More than 48 hours after the last heavy snowfall in London, angry passengers with tickets turned up at Heathrow airport only to be turned away from the already overcrowded hub. All short-haul flights had been cancelled and only one runway was in operation for the few flights that managed to take leave. The airport operator said that no more than one third of scheduled flights would be allowed to leave or land at the airport until at least 0600GMT on Wednesday. Officials warned that despite relaxation of night-flight operations in an effort to loosen the backlog it might take until after Christmas to do so, and perhaps longer if more snow falls.
The chaos at Heathrow had a knock-on effect in other international hubs where stranded passengers began to accept the possibility of not being with their loved ones over the Christmas period.

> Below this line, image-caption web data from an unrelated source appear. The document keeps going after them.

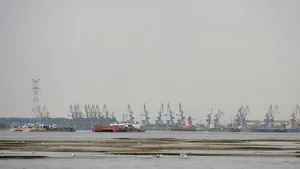 Debitul Dunării este cu peste 1.500 mc/s sub media multianuală a lunii august şi în continuă scădere - GALERIE FOTO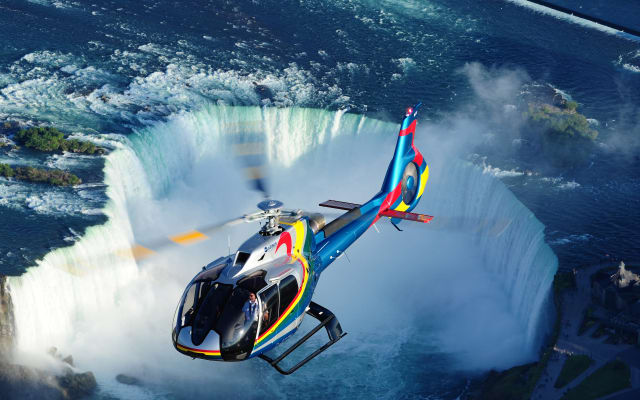 Ultimate Niagara Falls with Boat Cruise & Helicopter Ride 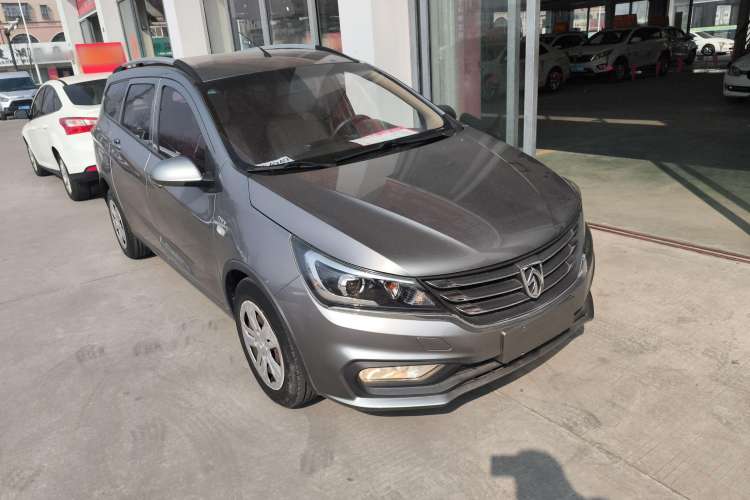 Used Baojun 310W 2017 1.5L Manual Comfort Version China VI Emission Standard Front Right 45 Deg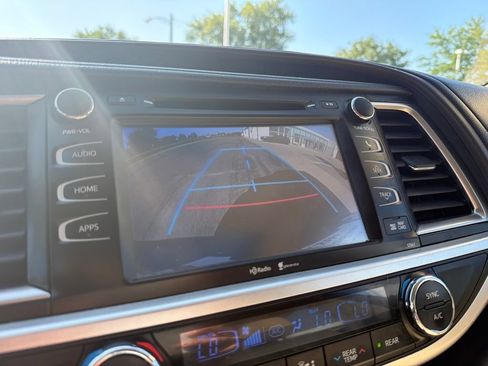 Used 2014 Toyota Highlander XLE AWD/4WD image 15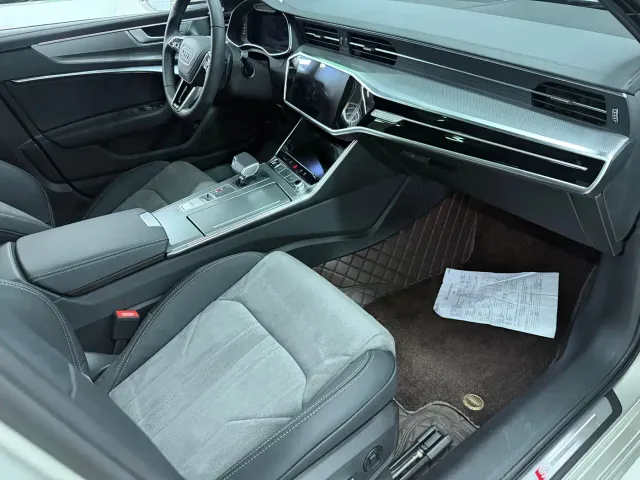 Audi A6L — Фото автомобиля 3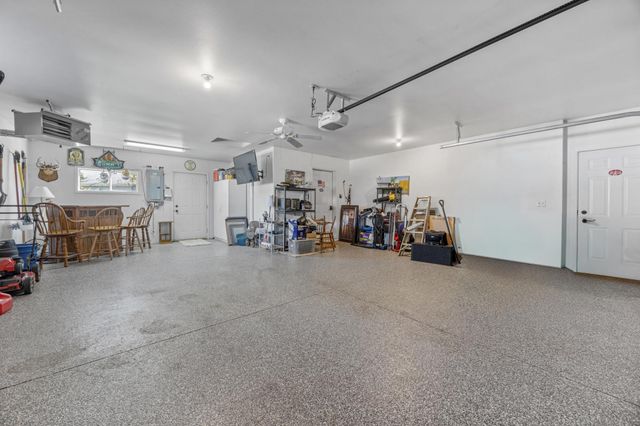 1221 Cedar Way E, West Fargo, ND 58078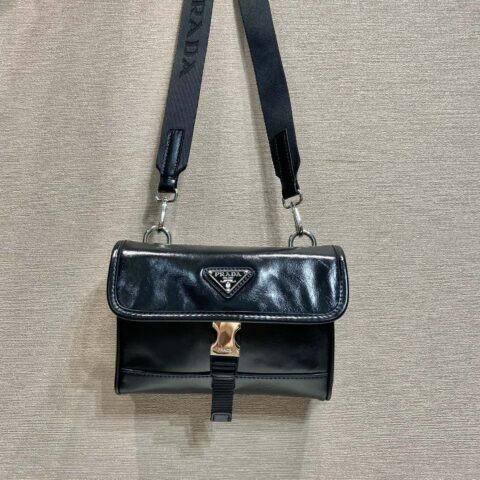 PRADA🎉油腊皮小邮差包🎉2ZH108手机包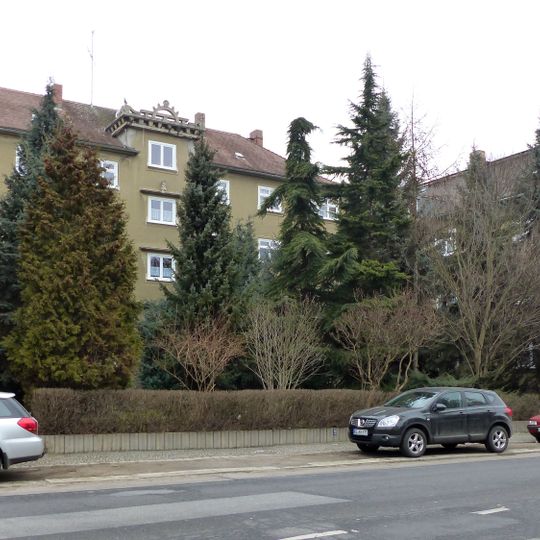 Stieberstraße 42, 44, 46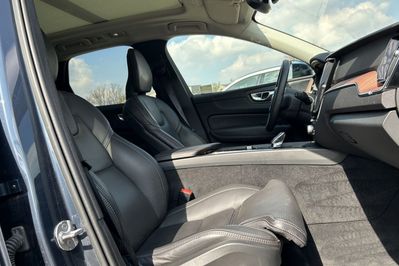 Volvo XC60 T6 Plug-In Hybrid AWD Plus Bright aut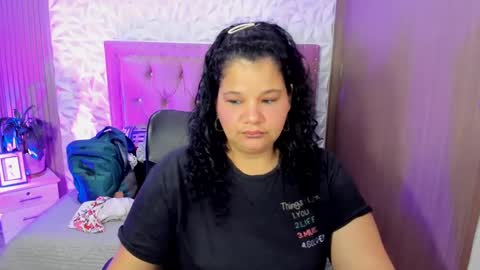 Snapshot of may_fk chatting on September 19, 4:47 am may_fk online show from September 19, 4:47 am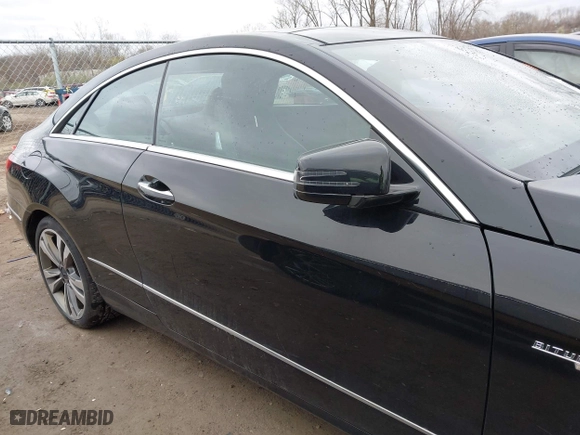 2016 Mercedes-Benz E-Class E 400 with VIN WDDKJ6HBXGF316470, listed as a IAAI auction lot 42042309 with 96,573 mi miles. Bid and sale history available at carsss.com. Image 14.
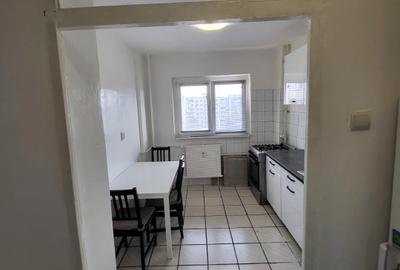 Apartament cu 2 camere semidecomandat, mobilat în Trafic Greu - 4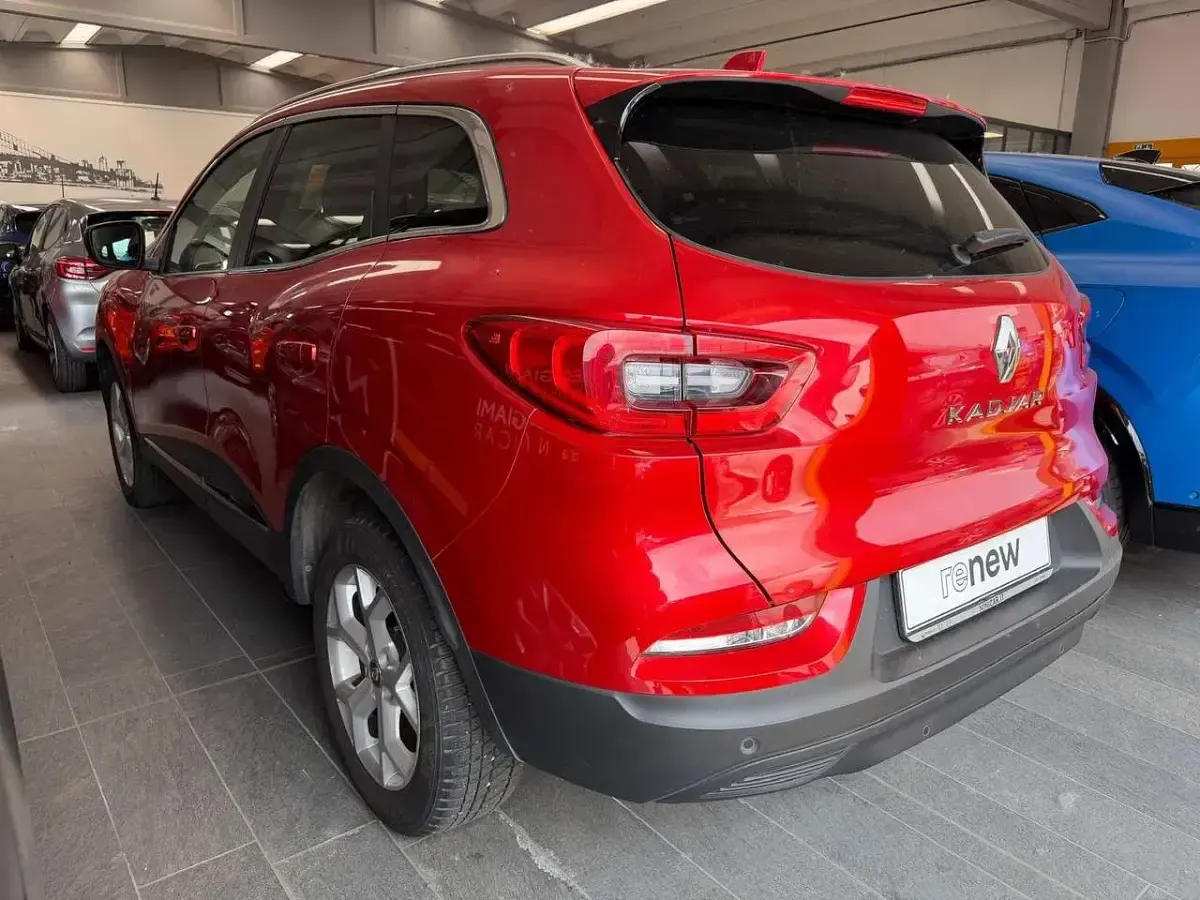 Usata Renault Kadjar 116 CV (85 kW) 2021 Rosso metallizzato SUV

“My daughter is coming home and I don’t see her very often and she’s coming home to an empty house and it’s just devastating,” said 64-year-old Vivian Crosby, of Cambridge, England, stranded at New Jersey’s Newark airport.
Others expressed disbelief that such a short burst of snow could have such a great impact. Scott Kirker, from Philadelphia, had hoped to travel to Singapore via London to see his parents for Christmas but his flight was cancelled.
“We keep being told that London never has snow, it’s never a problem! It’s a major inconvenience for a lot of people,” he said from Newark.
Travellers’ frustration was summed up by London Mayor Boris Johnson: “It can’t be beyond the wit of man surely to find the shovels, the diggers, the snowploughs or whatever it takes to clear the snow out from under the planes, to get the planes moving and to have more than one runway going,” he said late on Monday.
Airport operators explained that the sheer volume of snow - five inches in just one hour on Saturday - led to extensive ice buildup around aircraft on the ground and that safety concerns remained their priority.
The treacherous conditions are costing British Airways some £65m (£100m; 75m euros) a day, analysts say, and the weather is severely impacting UK business in general: the number of customers in UK shops is down 25% at what is normally one of the most intense shopping periods of the year.